Cyclic Learning Rate Max LR

Can the Max_LR value for CycleLR be less than the lr that is used for optim.Adam ?
I used the values below (lr 0.002 and max_lr 0.0005 (I did that by mistake) and that seemed to be giving better results than Max_LR of 0.005 )
Max_LR of 0.005 did not seem to give better result

optimizer = optim.Adam(list(net.parameters()),lr=0.002)

scheduler = torch.optim.lr_scheduler.OneCycleLR(optimizer, max_lr=0.0005, steps_per_epoch=len(dataloaders[‘train’]), epochs=total_epocs_var)

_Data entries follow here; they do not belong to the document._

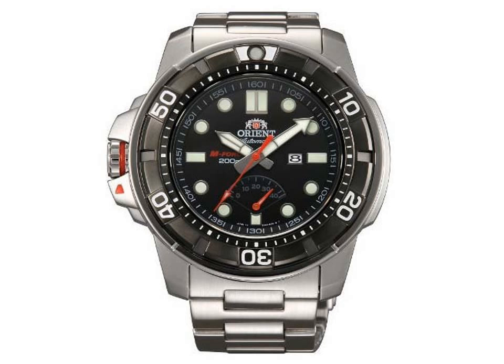The dive watch features a left-hand protected crown, a black unidirectional rotating dive timer bezel with luminous dot, luminous dots and hour markers, luminous hands, date window, a robust solid stainless steel bracelet, a scratch-resistant sapphire crystal, screw encased back, and a very handy power reserve meter at the 6 o'clock position on the dial.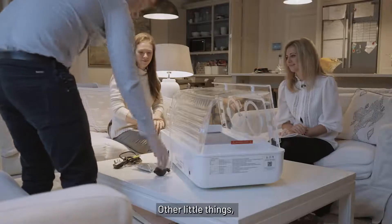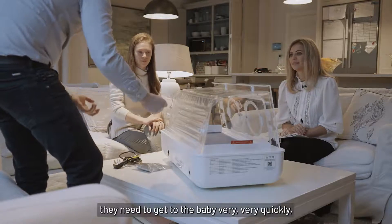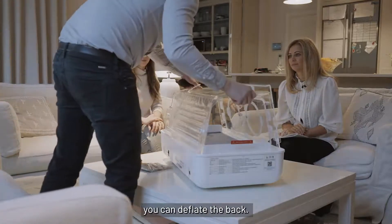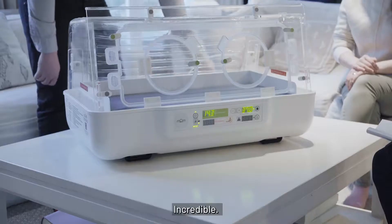If there are other little things — if there's an emergency and they need to get to the baby very quickly — you can deflate the back and lift the entire thing off the top and get the baby out. It's incredible. Wonderful.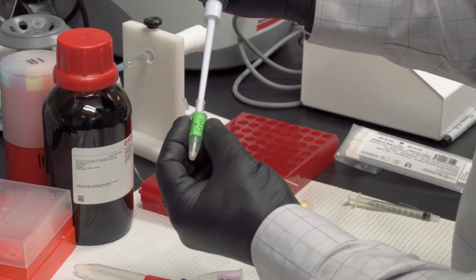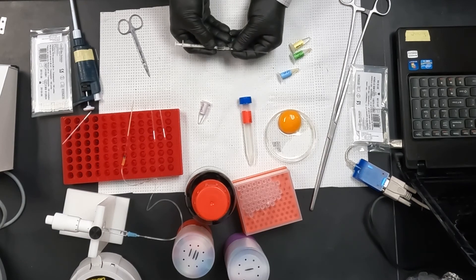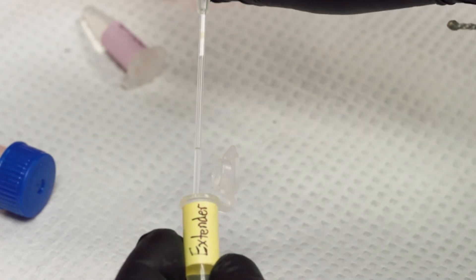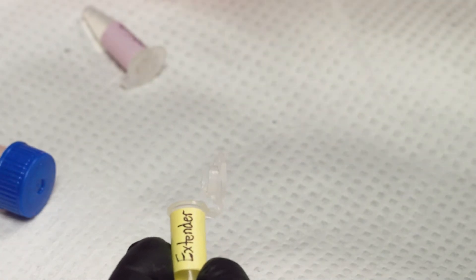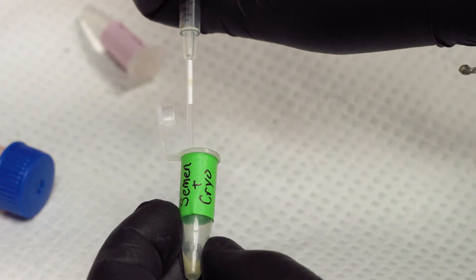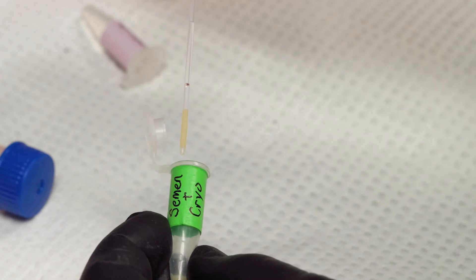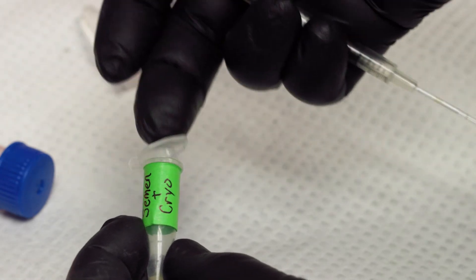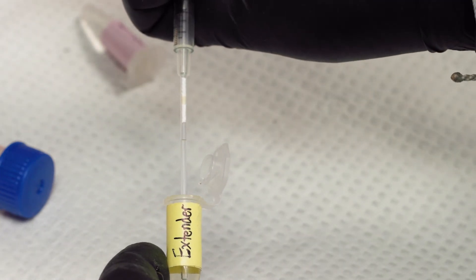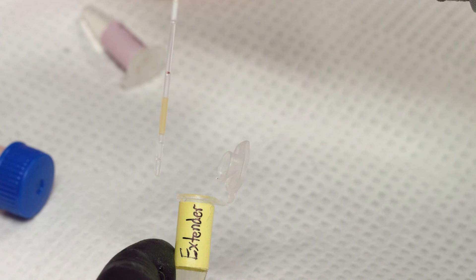The combined semen and cryodiluant is then loaded into the cryostraws, starting with a small amount of diluant or saline, then an airspace. The semen mixture is added next, then another airspace, then another small amount of saline or diluant, and finally a small airspace is added at the end of the straw.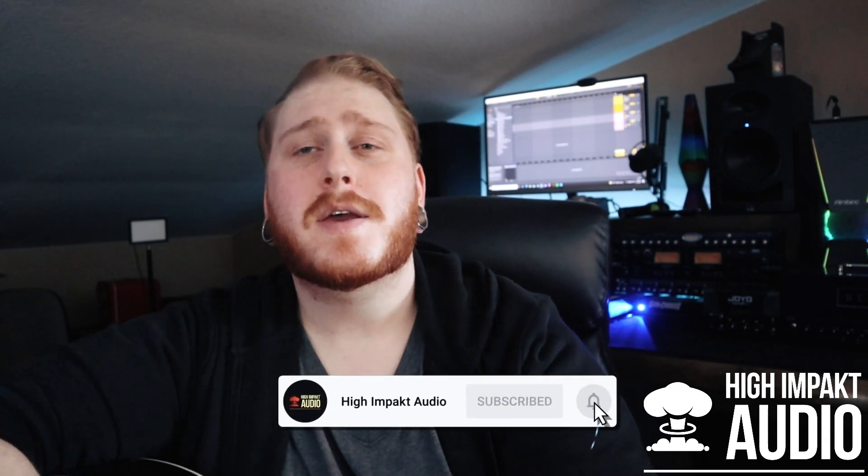What did you guys think of the guitar? Please let me know down in the comments below. I will have the website for Orangewood Guitars down in the description below if you would like to get yourself an Orangewood guitar. That is it for today's video — thank you so much for watching. Please smash that like button, and don't forget to subscribe and hit that bell notifier so you never miss a video. My name is Chris with High Impact Audio and I will see you next time.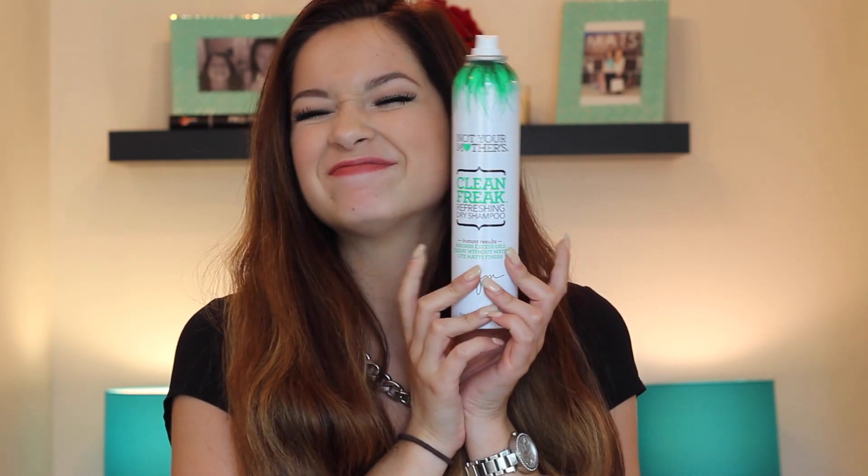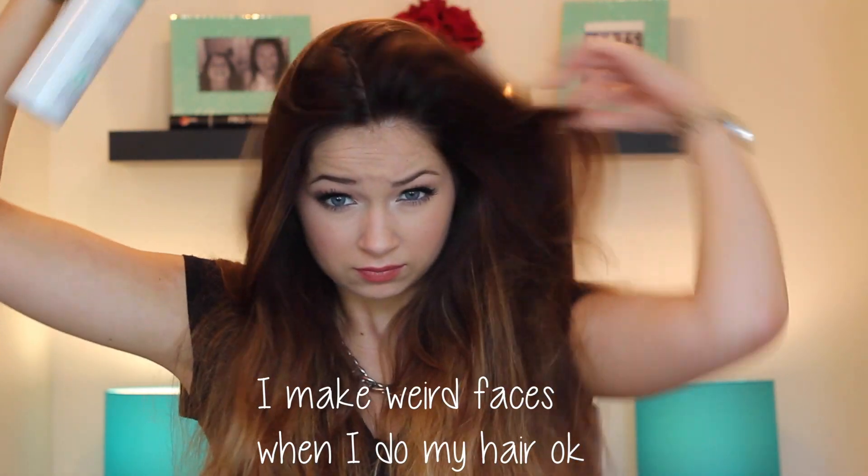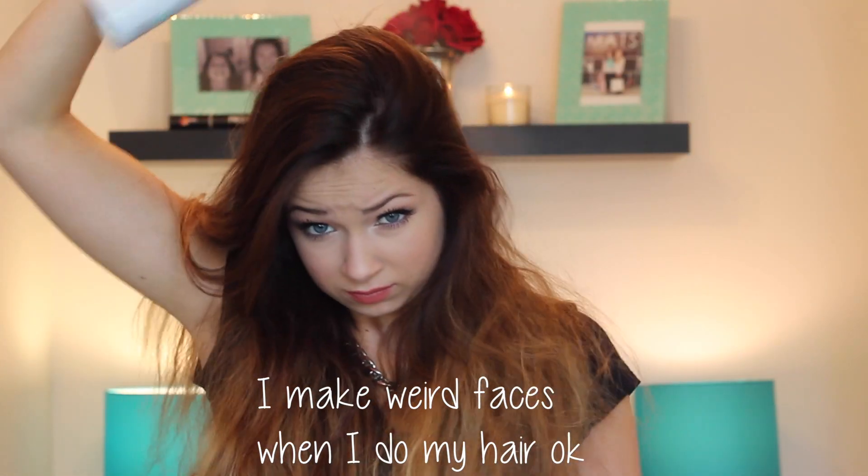Now we go in with pretty much the star of the show whenever I do anything messy, and that is dry shampoo. Even after I wash my hair, if it's dry, I will still put dry shampoo in my hair — I'm just obsessed with dry shampoo. I put this onto my roots because it gives me a ton of volume, and then I shake that out and now we're ready to begin straightening.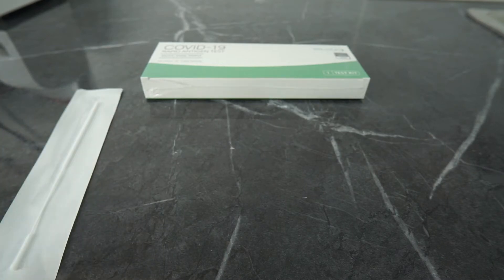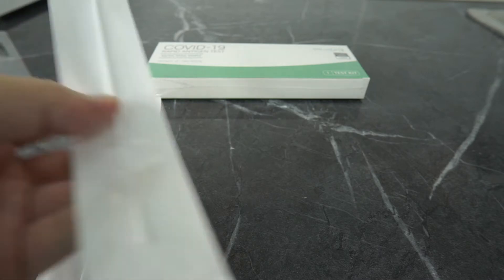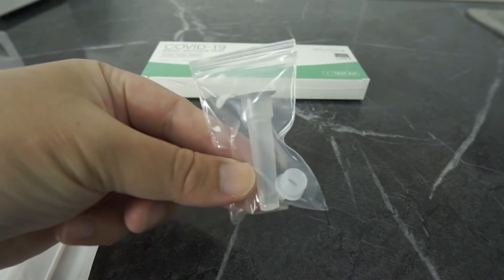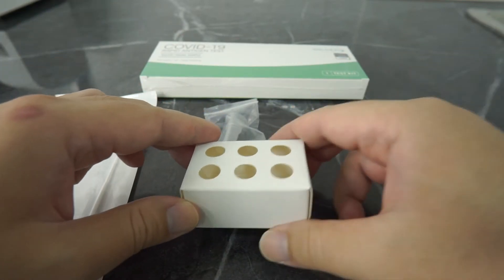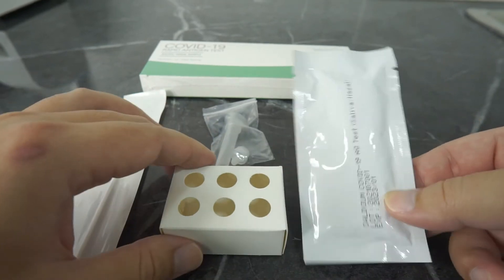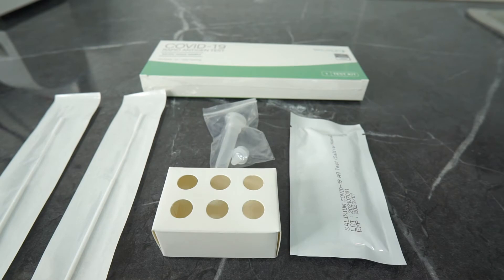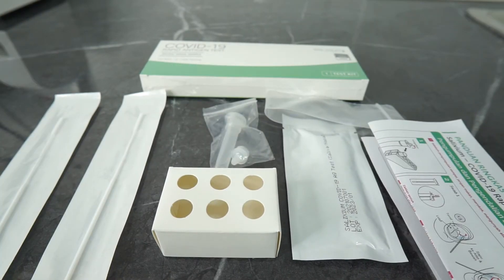Let's check the kit components. First, we have disposable swabs in individual sterile packaging — we have two of them. Number two, we have a self-extraction buffer tube and dripper. Number three, we have a paper rack. We also have a test device sealed in a foil pouch, and last but not least, we have the paperwork which is the instruction for use.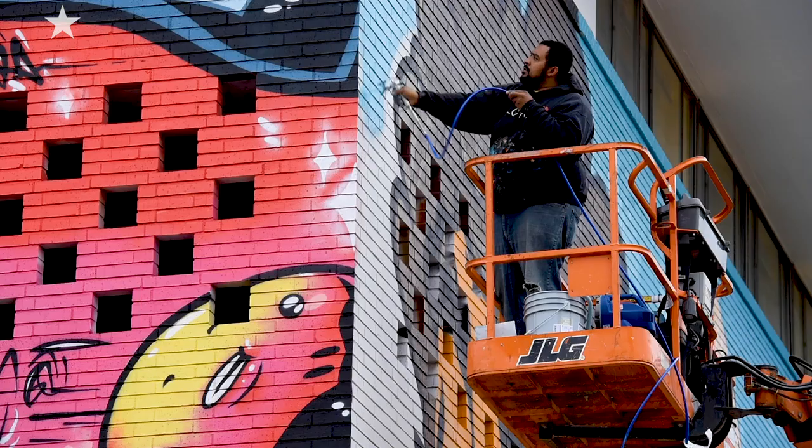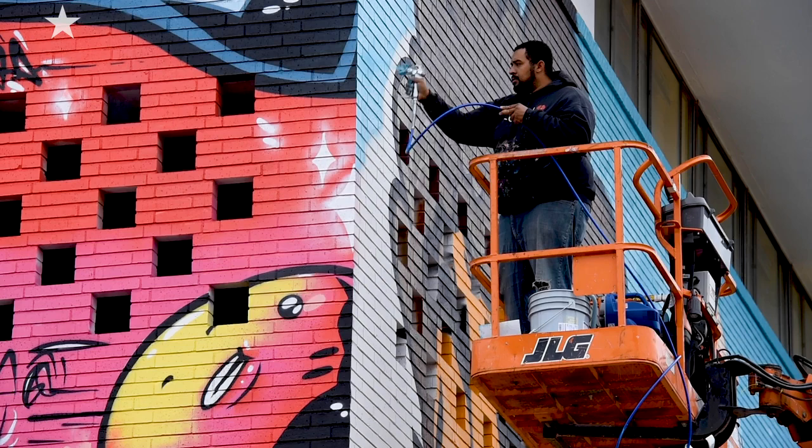Everything was done with spray paint except for the background color. For the background, I used a spray gun — like a contractor spray gun — to put it on. So this all can control.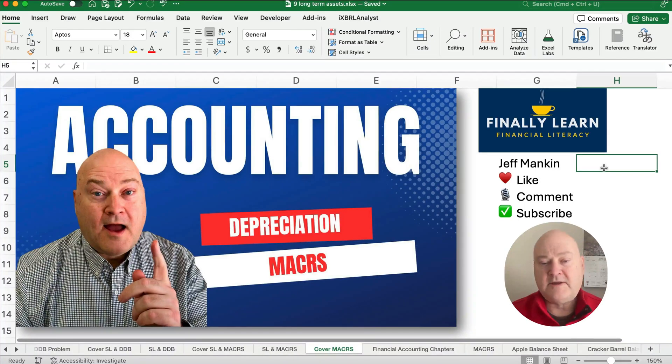Hello and welcome. Today we're working on the MACRS depreciation. My name is Jeff from Finally Learned.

Yes, you could set the max_lr to a smaller value than the original learning rate, which would create the new limit as seen here:

net = nn.Linear(1, 1)
optimizer = torch.optim.Adam(list(net.parameters()),lr=0.002)
scheduler = torch.optim.lr_scheduler.OneCycleLR(
    optimizer, max_lr=0.0005, steps_per_epoch=2, epochs=10)

for epoch in range(20):

> [6.58359213500126e-05]
1 Like

Thanks @ptrblck for your kind reply
I will experiment with the code block that you have shared and see the difference if lr was also small like 0.0005 vesus a large lr of 0.002
I guess that lr might start with larger value and then settle into the max value set by max_lr

What could be the advantages of such a setting ? (or any draw backs too of such setting)

One drawback could be a slightly confusing code, as the optimizer defines another learning rate than the scheduler is allowing. Besides that the scheduler will drive the learning rate, so I don’t think there are other issues.